# [DIRECTIONS]
Starting at the line that contains "#DynamiteKiss #JangKiYong", copy every line through the end of the records below exactly as written, leaving out pictures.

# [MATERIAL PROVIDED]
=-=-=-=-=
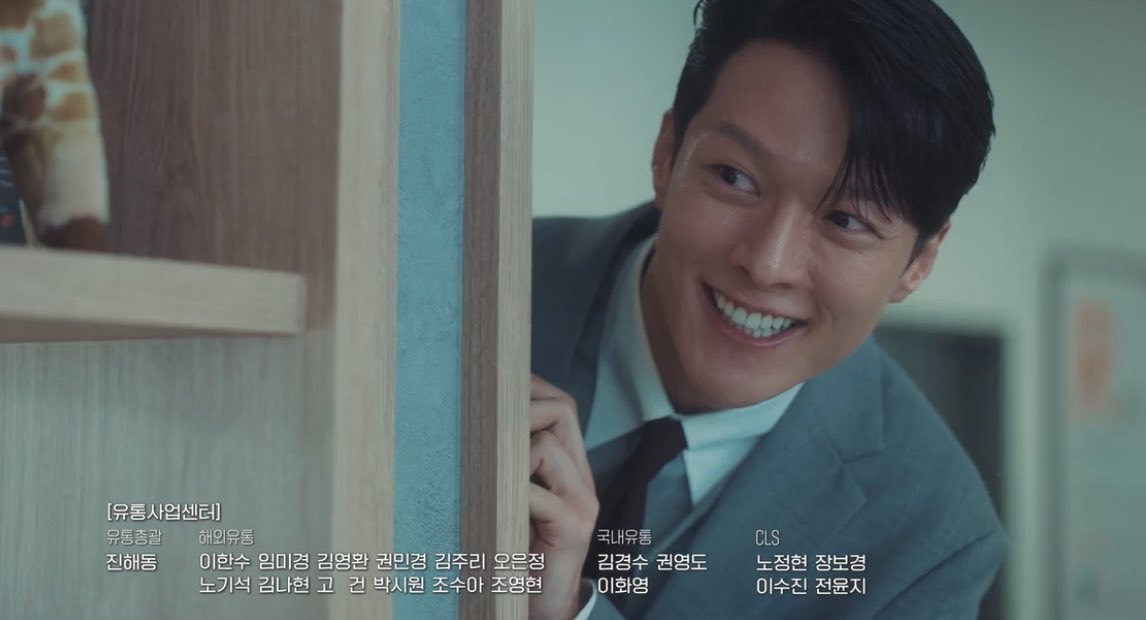 sj_goeunshin7's tweet image. This man is about to be even MORE unhinged next episode and honestly??? I’ll be cheering him on 😭

#DynamiteKiss #JangKiYong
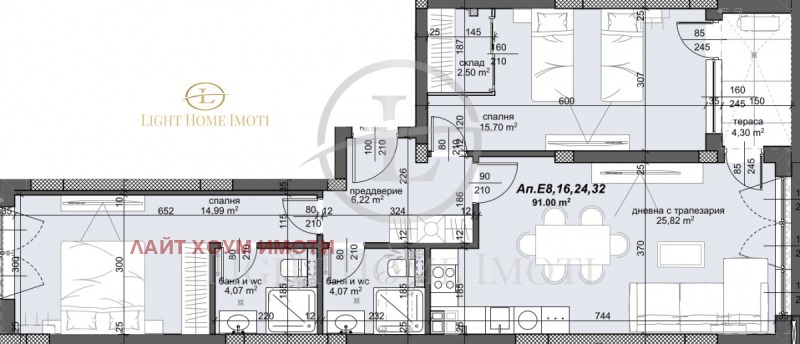 À venda  2 quartos Plovdiv , Trakiia , 108 m² | 93156798 - imagem [5]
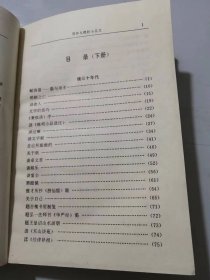 绝妙小品文库《周作人绝妙小品文（下册）》/赋得猫-猫与巫术/明朝之亡/谈食人/文字的技巧/谈过癞/谈文字狱/自己所能做的/关于纸/谈卓文君……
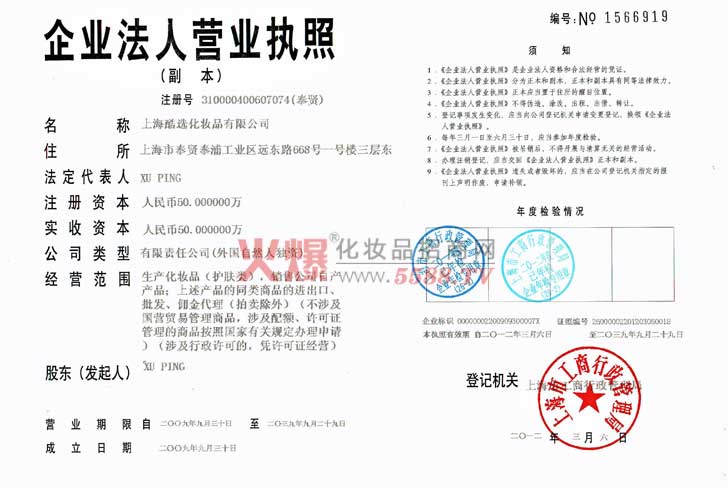 上海酷选化妆品有限公司企业法人营业执照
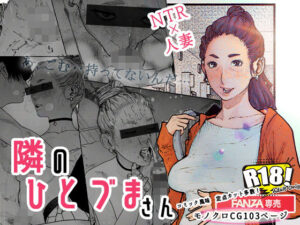 隣のひとづまさん！【平仮名で、べろきす】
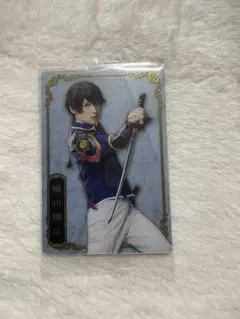 ミュージカル刀剣乱舞 刀ミュ ウエハース 堀川国広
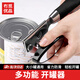 冇覓優(yōu)品開罐器多功能開瓶器啤酒起子開罐頭神器易拉罐開蓋器啟瓶器擰蓋器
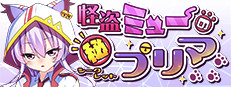 怪盗ミューのシークレットプリマ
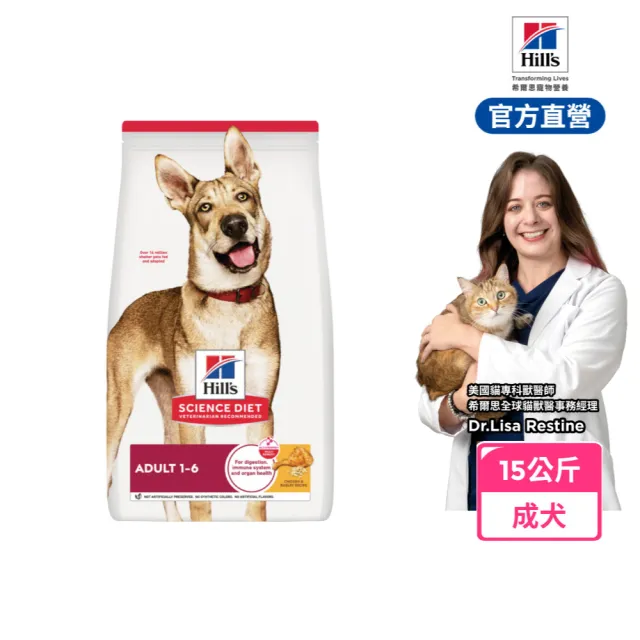 【Hills 希爾思】官方直營 成犬 雞肉 15公斤(狗飼料 狗糧)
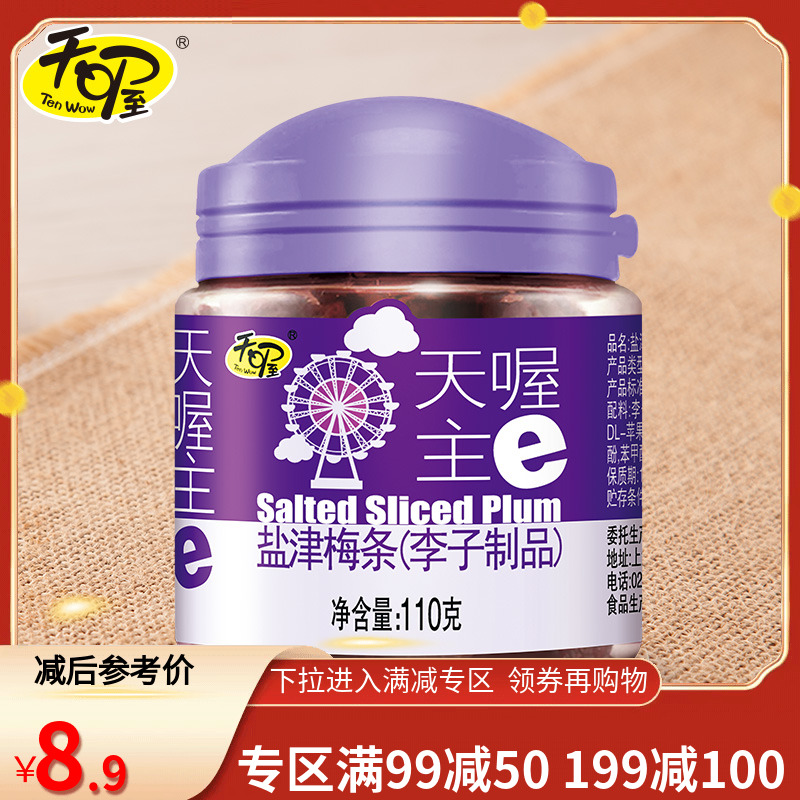 专区活动 天喔盐津梅条110g*1罐 蜜饯果干无核话梅条零食 零食/坚果/特产 梅类制品 原图主图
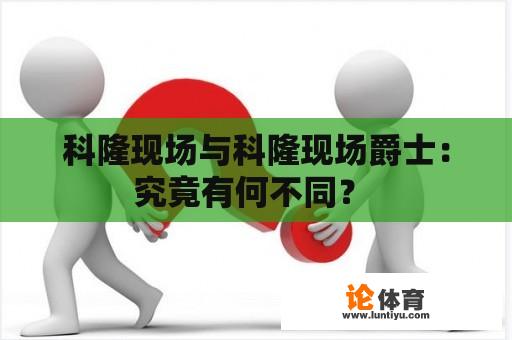 科隆现场与科隆现场爵士：究竟有何不同？ 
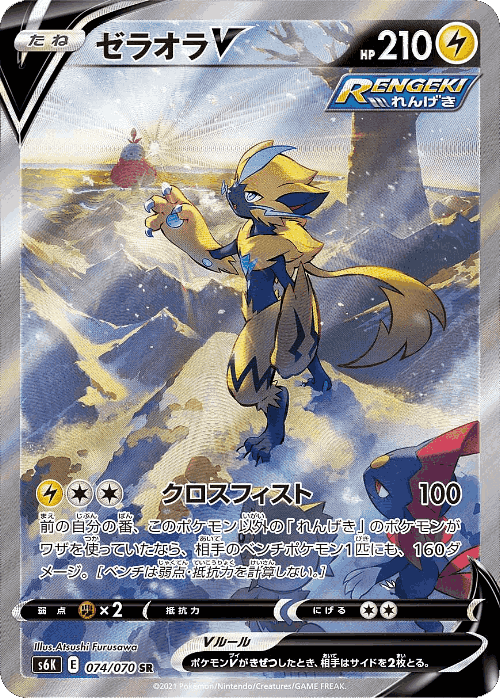 Zeraora V card art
=-=-=-=-=
# [FINISHED EXERCISE]
#DynamiteKiss #JangKiYong
 À venda  2 quartos Plovdiv , Trakiia , 108 m² | 93156798 - imagem [5]
 绝妙小品文库《周作人绝妙小品文（下册）》/赋得猫-猫与巫术/明朝之亡/谈食人/文字的技巧/谈过癞/谈文字狱/自己所能做的/关于纸/谈卓文君……
 上海酷选化妆品有限公司企业法人营业执照
 隣のひとづまさん！【平仮名で、べろきす】
 ミュージカル刀剣乱舞 刀ミュ ウエハース 堀川国広
 冇覓優(yōu)品開罐器多功能開瓶器啤酒起子開罐頭神器易拉罐開蓋器啟瓶器擰蓋器
 怪盗ミューのシークレットプリマ
 【Hills 希爾思】官方直營 成犬 雞肉 15公斤(狗飼料 狗糧)
 专区活动 天喔盐津梅条110g*1罐 蜜饯果干无核话梅条零食 零食/坚果/特产 梅类制品 原图主图
 科隆现场与科隆现场爵士：究竟有何不同？ 
 Zeraora V card art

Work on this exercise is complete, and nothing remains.